You should be comfortable with NumPy, pandas, and the basics of building an LSTM in Keras from the earlier lessons in this module. Let’s begin.


Why RNNs Fit Time Series

A time series is a sequence of measurements recorded in order through time: a stock index sampled monthly, electricity demand sampled hourly, a patient’s heart rate sampled per second. The defining property is that order matters. Shuffle the rows of a customer table and nothing breaks, but shuffle a time series and you destroy the very thing you want to learn from, which is how the past flows into the future.

Recurrent networks are built for exactly this. An RNN reads a sequence one step at a time, carrying a hidden state that summarizes everything it has seen so far. That hidden state is a compressed memory of the recent past, and the network uses it to predict what comes next. An LSTM (long short-term memory) is a more capable recurrent cell that adds gates to control what gets remembered and what gets forgotten, which lets it hold onto useful signal over longer stretches without the gradient problems a plain RNN suffers from.

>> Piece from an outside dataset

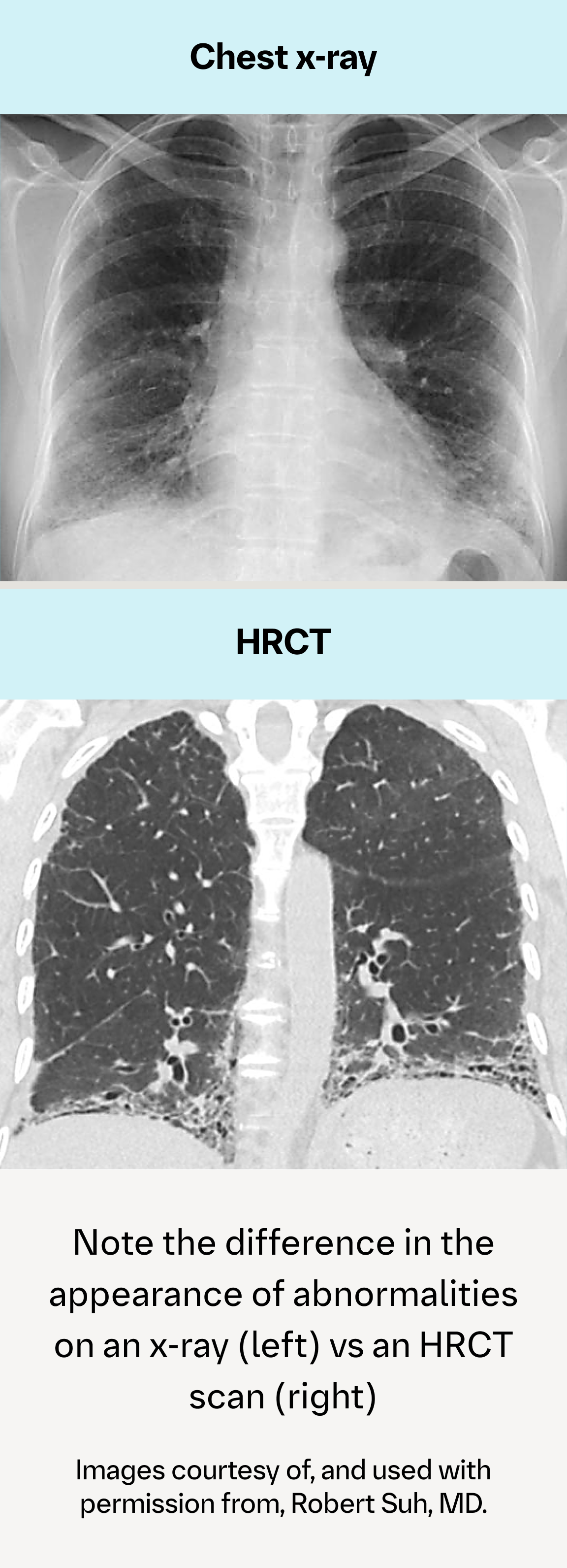 Comparison of chest x-ray and HRCT showing lung abnormalities more clearly on HRCT Comparison of chest x-ray and HRCT showing lung abnormalities more clearly on HRCT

Time-series forecasting is the task of modeling an existing sequence so you can predict its future values. In this lesson your sequence is the monthly closing level of the S&P 500, and your goal is to forecast next month’s level from a window of recent months. That kind of forecast is useful far beyond finance: the same workflow predicts demand, traffic, energy load, and cash flow.

One series, many lessons

Forecasting looks different from the classification you may have done earlier. There is no separate label column. The thing you predict, the price, is also the thing you feed in, just shifted in time. That single idea shapes every preparation step in this lesson.


The Dataset

You will use a long monthly history of the S&P 500 index. Each row is one month, and the column you care about records the index level at that point in time. Load it with pandas and parse the date column as the index, which makes everything that follows easier to plot and reason about.

import numpy as np
import pandas as pd
import tensorflow as tf
from tensorflow.keras import layers

# download: https://datatweets.com/datasets/sp500_monthly.csv
df = pd.read_csv("sp500_monthly.csv", parse_dates=["date"], index_col="date")

print("Rows:", len(df))
print("From", df.index.min().date(), "to", df.index.max().date())
print("Price range:", round(df["price"].min(), 1), "to", round(df["price"].max(), 1))
# Output:
# Rows: 917
# From 1950-01-01 to 2026-05-01
# Price range: 16.9 to 7412.6

There are 917 monthly observations spanning from January 1950 to May 2026. The index starts near 17 and climbs past 7,400, an enormous range that immediately tells you two things. First, this series has a strong upward trend, so the future genuinely lives in a different numeric region than the past. Second, that huge spread means scaling will matter a great deal before you hand the numbers to a neural network.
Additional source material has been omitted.